_Your objective_
In the records below, the relevant part opens with the line containing "11592 80th Avenue Morton Township, MI 49332" and closes with the line containing "Volkswagen Polo Vivo"; print that part exactly and only, without its pictures.

_Information_
▽
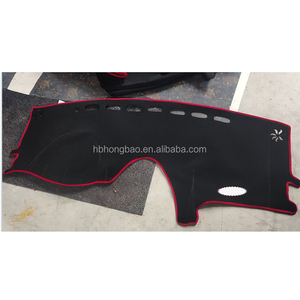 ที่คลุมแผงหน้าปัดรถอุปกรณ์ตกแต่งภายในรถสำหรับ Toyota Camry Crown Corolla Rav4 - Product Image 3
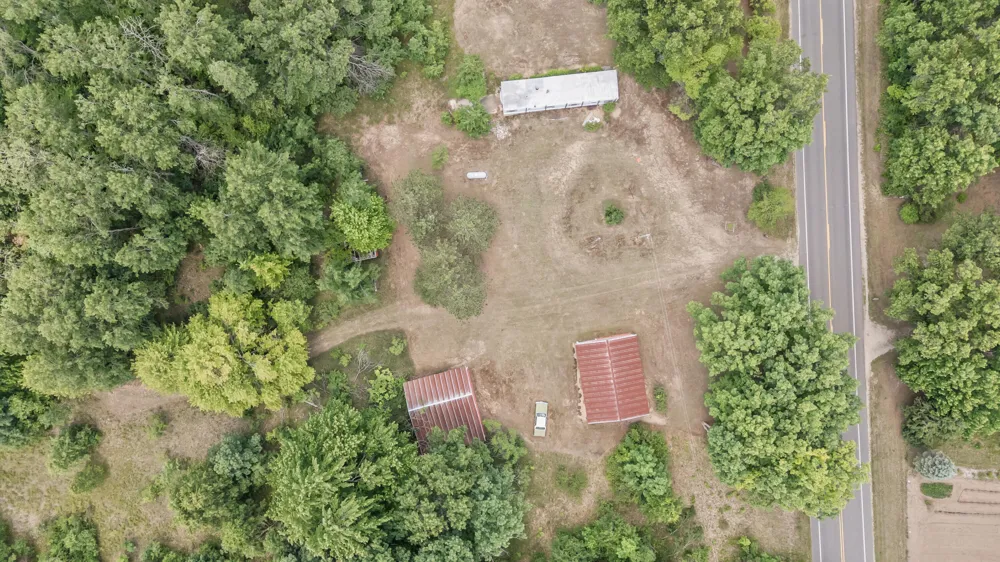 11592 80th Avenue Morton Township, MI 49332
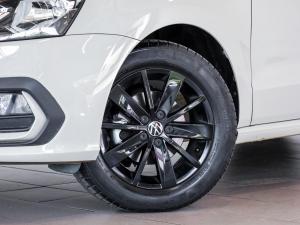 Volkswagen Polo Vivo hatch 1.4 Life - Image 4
△
▽
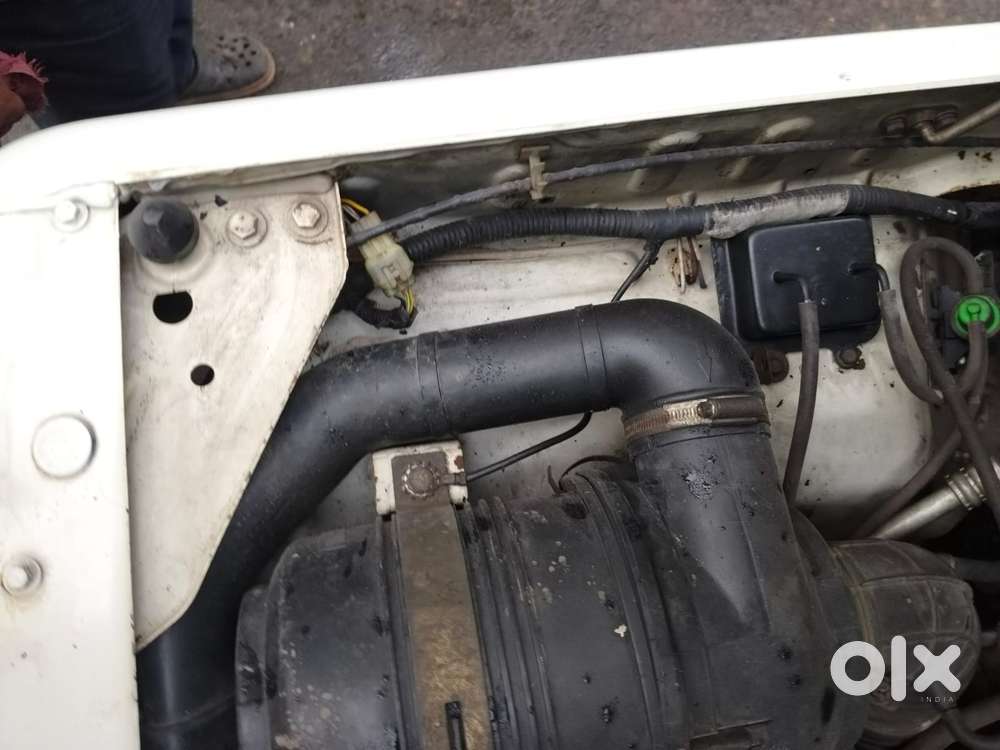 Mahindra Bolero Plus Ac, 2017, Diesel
△
▽
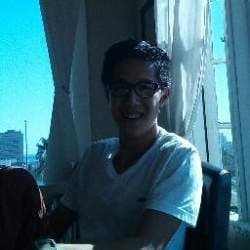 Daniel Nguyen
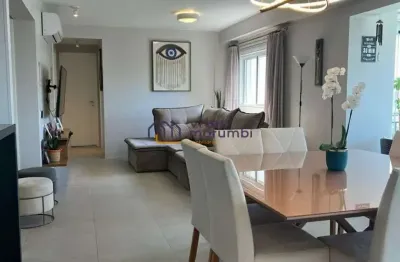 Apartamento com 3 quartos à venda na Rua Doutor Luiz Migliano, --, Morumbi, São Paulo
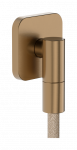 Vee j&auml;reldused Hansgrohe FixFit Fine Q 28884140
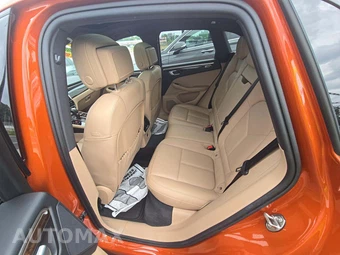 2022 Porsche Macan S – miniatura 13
△
_Answer space_
 11592 80th Avenue Morton Township, MI 49332
 Volkswagen Polo Vivo hatch 1.4 Life - Image 4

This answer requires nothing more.